American thru-hiker (born 1987)

Elizabeth Thomas (born 1987) is a thru-hiking champion and former women's unassisted speed record holder for the 2,181 mi Appalachian Trail. She holds the hiking "Triple Crown," having completed the Appalachian Trail, Pacific Crest Trail, and the Continental Divide Trail. She is the pioneer of the Chinook Trail in Washington and the Wasatch Range in Utah. She is Vice President of the American Long Distance Hiking Association-West, an ambassador for the American Hiking Society, and an outdoors writer for Wirecutter, a New York Times publication.

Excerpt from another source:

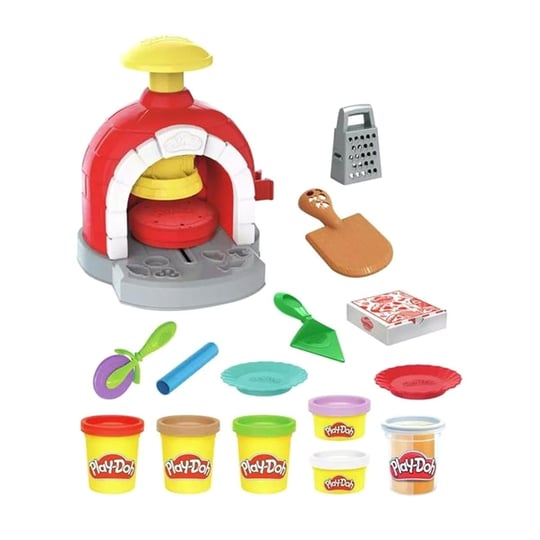 Hasbro Play-Doh Pizza Oven Playset Has-F4373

She is also Editor-in-Chief of Treeline Review, a hiking gear publication. As of 2018, she completed 20 long-distance wilderness hikes.

==Early life==
Thomas was born in Sacramento, California and experienced a "typical suburban upbringing." As a child she was "really drawn to nature, but [...] wasn’t really that active." However, a first-grade trip to a mile-long nature trail made a big impression on her, and from then on she attempted to get her parents to take her back to the trail on weekends. (Cascade Hiker Podcast, Ep. 127, 4:30) Thomas's mother was born and raised "in a Japan that--and even now--is not really for equality...not a great place to be a woman. Women didn't really do physical activity, they didn’t run or anything;" therefore, Thomas's "becoming physically active, becoming adventurous was a way [she] rebelled as a teenager." Her first extended urban hike was in Los Angeles, during which she traversed a 180-mile route that connected 300 staircases.

==Education==
Thomas attended Claremont McKenna College. During her years there, she became involved in outdoors clubs with fellow students and met professors who were also enthusiastic about hiking. (Cascade Hiker Podcast, Ep. 127, 5:42) After graduating, she earned a Master's in Environmental Science from the Yale School of Forestry & Environmental Studies. In the process, Thomas received the Doris Duke Conservation Fellowship for her research on long-distance hiking trails, conservation, and trail town communities.

==Career==
Thomas had never been backpacking as of 2007. A year later, the summer after her senior year of college, she completed her first thru-hike, the Tahoe Rim Trail, solo in six days. At the time, she "had a lot of experience dayhiking solo and doing big peakbagging trips with <24 hour goals" and had "car camped" and led a five-day backpacking trip in the Grand Canyon, but had never "overnight-in-the-woods" hiked. She later completed her first major thru-hike: the 2,181 mi Appalachian Trail. In 2010, Thomas completed the 3,100 mi Continental Divide Trail.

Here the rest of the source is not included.